Und damit Buchstaben "gezeichnet":
static const uint8_t zeichen_spalten_bitmaske[44][5] PROGMEM =
{
{
// 0->'0'
b__XXXXX_,
b_X_____X,
b_X_____X,
b_X_____X,
b__XXXXX_
},
...
Fehler sind durch die visuelle Kontrolle quasi ausgeschlossen.
Tücken der Matrix 2
Wie bereits beschrieben, muss der Strom in beide Richtungen durch jedes Element der Matrixschaltung von Flipdots. Da Spulen leider nicht die tolle Eigenschaft von Leuchtdioden haben (was ich mir ja vorher schonmal überlegt hatte, ich schlauer), den Strom nur in eine Richtung durchzulassen, ließ sich der Umbau der Matrix nicht vermeiden. Die Anforderung von 360 Schottky-Dioden bei einer Elektronik-Sammelbestellung hat dann auch für Verwunderung gesorgt.
Bild 8: Die breiteren Querstreifen der Matrix samt Schottkydioden sind zu sehen, wie auch die Leiterplattenverbinder.
Fernbedienung
Zum Stellen und Einstellen der Uhr sowie zum Bedienen der angedachten Spezialfunktionalitäten war eine Fernbedienung unabdingbar. Diese hübsche Infrarot-Fernbedienung hat ein Steuerkreuz und eine weitere Taste, was die perfekte "Funke" ausmacht. Die Kodierung konnte man >hiermit, >hiermit und >hiermit gut herausfinden.
Bild 9: die Fernbedienung
Bild 10: Waveform eine NEC-Codierten IR-Fernbedienung von >hier kopiert
Metallbau
War nervig, aber nicht von allzu großen Tücken begleitet. Wenn man den Verschleiß von selbstfurchenden Schrauben und Bohrern unter Abstinenz außen vor lässt. Warum einem das niemand sagt, dass das mit Spiritus "geschmiert" viel schneller, einfacher, saberer geht...

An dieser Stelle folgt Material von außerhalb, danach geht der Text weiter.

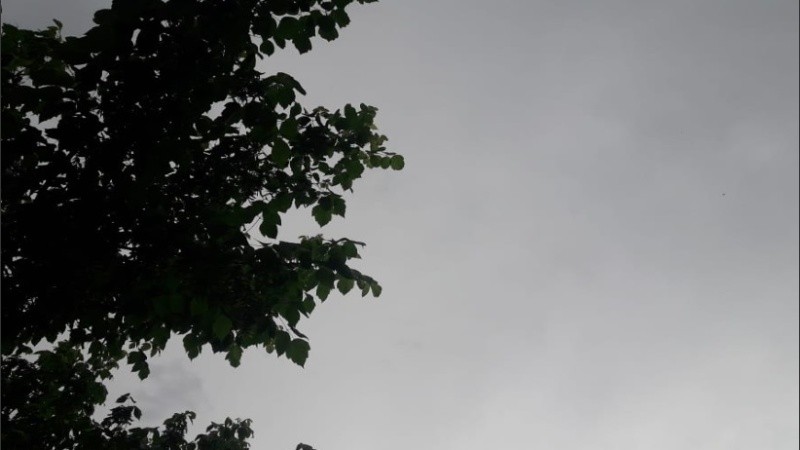 Cielo gris en este día de miércoles.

Eines, was ich nirgendwo gut beschrieben gefunden habe, ist wie man gebürstete Aluminiumoberflächen herstellt.
- grob schleifen längs
- mittel schleifen quer
- fein schleifen längs und dabei nicht mehr anfassen (Handschuhe)
- mit Fit einreiben und abspülen und dabei nicht mehr anfassen (Küchentuch)
- abtrocknen und nicht mehr anfassen (Küchentuch)
- sofort mit Klarlack lackieren (wie dick bzw. dünn man z.B. Sprühlack auftragen kann will oder sollte, muss man an ein paar Probestücken probieren. Zu dünn zeigt Sprühmuster, zu dick verläuft, etc.)
Bild 11: Dots, Zwischenraumfüllung, Fernbedienungsempfänger und lackierter Innenrahmen
Bild 12: Deckrahmen mit Frontscheibe (noch mit Schutzfolie gegen Kratzer)
Bild 13: Rückseite
Fertigstellung
Die letzten Arbeiten sind, das Netzteil mit Stecker zu versehen, nochmal alle Steckverbinder zurecht zu ruckeln und die Uhr an der Wand anzubringen. Der Witz bei der Sache: sie ist nicht viel leiser; jedoch nur einmal in der Minute laut. Und man kann damit spielen, was den Lärm mehr als wett macht :)
Bild 14: Uhr an der Wand
Video 1: Uhr in Action
Future work
Wie man leicht sieht, habe ich bei den Zwischenräumen gespart. Inzwischen will ich die vier Pappstreifen doch noch als Flipdots ausführen, sehe aber die Transportkosten nicht ein. Falls also noch wer solche Dinger bestellt: Ich hätte gerne welche, sofern nicht jemand schneller war.